Nothing outside the stretch is wanted. Repeat exactly the lines of the listing below from the one that contains "Revelers take part" through the one that contains "A large vintage", both ends included.

====== DATA PROVIDED

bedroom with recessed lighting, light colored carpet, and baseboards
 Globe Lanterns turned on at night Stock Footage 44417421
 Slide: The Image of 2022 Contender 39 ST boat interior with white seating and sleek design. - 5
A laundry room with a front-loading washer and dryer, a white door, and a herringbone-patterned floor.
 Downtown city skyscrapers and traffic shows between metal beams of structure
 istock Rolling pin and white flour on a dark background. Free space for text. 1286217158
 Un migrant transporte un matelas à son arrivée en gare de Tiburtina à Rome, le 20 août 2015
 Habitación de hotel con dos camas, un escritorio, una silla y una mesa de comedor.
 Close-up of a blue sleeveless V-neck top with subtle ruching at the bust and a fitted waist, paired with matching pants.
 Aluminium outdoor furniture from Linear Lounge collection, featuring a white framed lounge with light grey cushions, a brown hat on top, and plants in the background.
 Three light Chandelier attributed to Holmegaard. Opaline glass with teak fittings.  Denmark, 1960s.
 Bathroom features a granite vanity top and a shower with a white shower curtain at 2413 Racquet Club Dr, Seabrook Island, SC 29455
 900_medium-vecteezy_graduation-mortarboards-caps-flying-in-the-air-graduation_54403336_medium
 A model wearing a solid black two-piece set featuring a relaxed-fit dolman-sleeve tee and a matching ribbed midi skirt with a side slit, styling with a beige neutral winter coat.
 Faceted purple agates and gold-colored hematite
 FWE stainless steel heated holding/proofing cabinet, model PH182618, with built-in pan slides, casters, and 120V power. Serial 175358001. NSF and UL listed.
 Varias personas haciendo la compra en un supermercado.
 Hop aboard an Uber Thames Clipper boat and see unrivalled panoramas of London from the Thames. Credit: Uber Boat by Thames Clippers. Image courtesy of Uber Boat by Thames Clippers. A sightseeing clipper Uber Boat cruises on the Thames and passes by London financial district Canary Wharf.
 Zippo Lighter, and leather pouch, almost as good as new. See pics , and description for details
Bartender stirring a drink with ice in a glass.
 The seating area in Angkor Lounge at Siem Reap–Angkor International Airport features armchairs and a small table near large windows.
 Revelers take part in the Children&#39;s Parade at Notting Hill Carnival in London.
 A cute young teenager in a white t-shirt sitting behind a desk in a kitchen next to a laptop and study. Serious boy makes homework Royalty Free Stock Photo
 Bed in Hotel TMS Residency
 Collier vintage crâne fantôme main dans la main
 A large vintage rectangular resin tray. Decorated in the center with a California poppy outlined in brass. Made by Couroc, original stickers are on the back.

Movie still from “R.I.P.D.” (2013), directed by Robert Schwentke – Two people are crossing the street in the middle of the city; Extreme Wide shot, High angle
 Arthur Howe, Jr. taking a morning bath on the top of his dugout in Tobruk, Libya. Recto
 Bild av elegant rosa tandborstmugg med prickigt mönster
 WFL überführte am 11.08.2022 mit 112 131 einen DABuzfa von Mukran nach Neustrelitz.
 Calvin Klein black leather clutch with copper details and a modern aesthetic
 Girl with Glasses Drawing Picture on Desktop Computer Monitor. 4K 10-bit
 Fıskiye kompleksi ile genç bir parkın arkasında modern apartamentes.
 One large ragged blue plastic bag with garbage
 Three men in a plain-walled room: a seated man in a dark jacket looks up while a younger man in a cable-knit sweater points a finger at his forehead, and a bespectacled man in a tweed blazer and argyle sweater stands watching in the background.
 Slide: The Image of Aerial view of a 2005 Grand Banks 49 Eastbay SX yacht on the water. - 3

============

> **OUTPUT**:
 Revelers take part in the Children&#39;s Parade at Notting Hill Carnival in London.
 A cute young teenager in a white t-shirt sitting behind a desk in a kitchen next to a laptop and study. Serious boy makes homework Royalty Free Stock Photo
 Bed in Hotel TMS Residency
 Collier vintage crâne fantôme main dans la main
 A large vintage rectangular resin tray. Decorated in the center with a California poppy outlined in brass. Made by Couroc, original stickers are on the back.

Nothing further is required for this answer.